Vamos começar essa história como toda história deve começar, do meu nascimento.

Como qualquer outra pessoa, eu nasci da união entre dois seres humanos, meus pais, como costumamos chamar.

Minha mãe, uma mulher belíssima e repleta de

qualidades, há quem ainda procure algum defeito em sua essência, coitados. Meu pai, homem forte e repleto de amor, capaz de dar sua vida para que os outros sejam capaz de sobreviver, incrivelmente muitos ainda tentam difamar sua imagem com inúmeras formas de escárnio e flagelos.

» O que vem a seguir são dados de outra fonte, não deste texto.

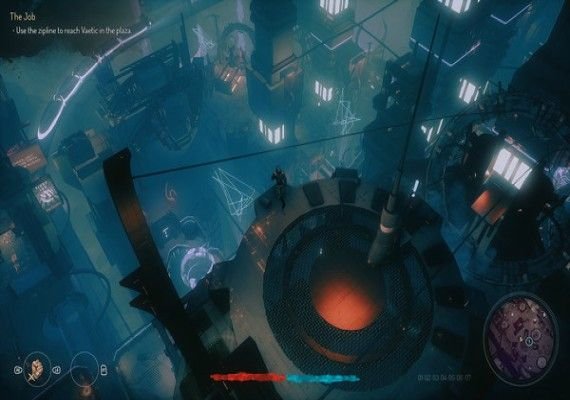 SEVEN: The Days Long Gone EN/DE/FR/IT Global screenshot 2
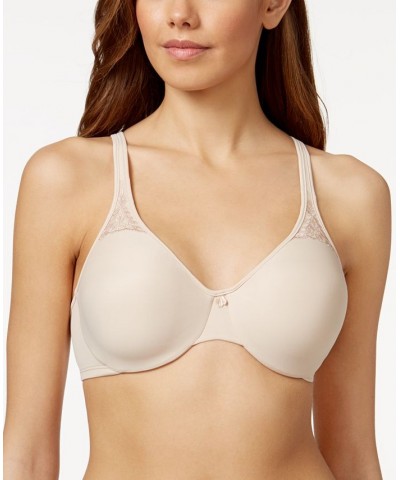 Passion for Comfort Seamless Underwire Minimizer Bra 3385 Soft Taupe (Nude 4) $13.64 Bras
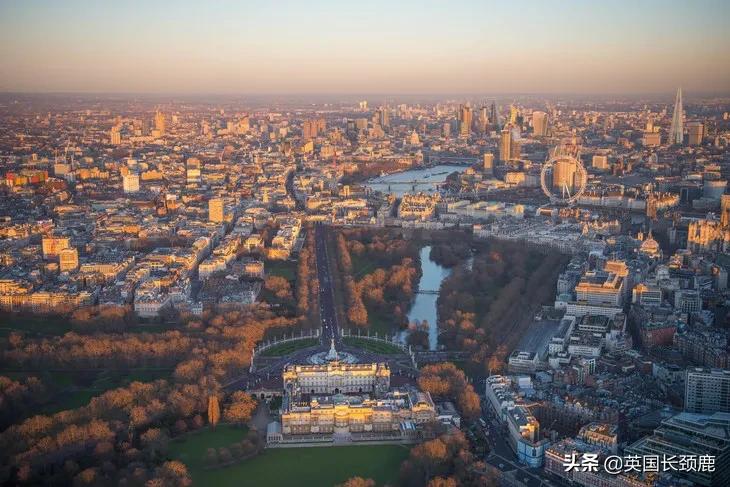 520/521：五月阳光下，伦敦依然盛放。记得常回来看看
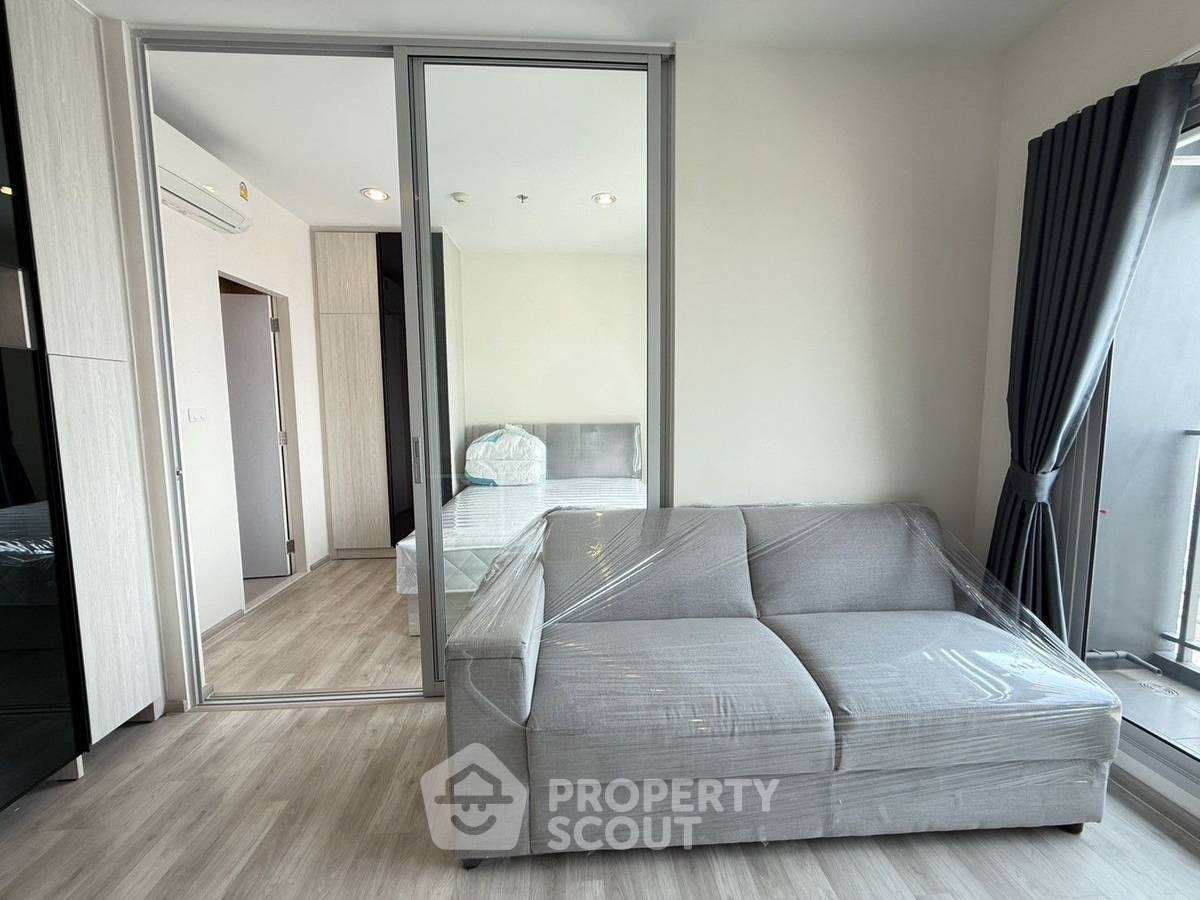 picture 1-BR Condo at Niche Mono Ramkhamhaeng close to Ramkhamhaeng (ID 2047713) - 3/13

Nasci numa noite de algum mês em algum hospital, não me faça perguntas difíceis, ora bolas! Como eu poderia saber “Que hospital?”, eu era apenas um recém-nascido, perdido em meio à confusão do nascimento. Nunca se perguntaram como deve ser para um bebê, nascer? Em um momento, você está descansando em um lugar quente e aconchegante, em outro, há um homem puxando sua cabeça e dando tapas em sua bunda, enquanto um monte de luzes estão apontadas para o seu rosto. E as cores?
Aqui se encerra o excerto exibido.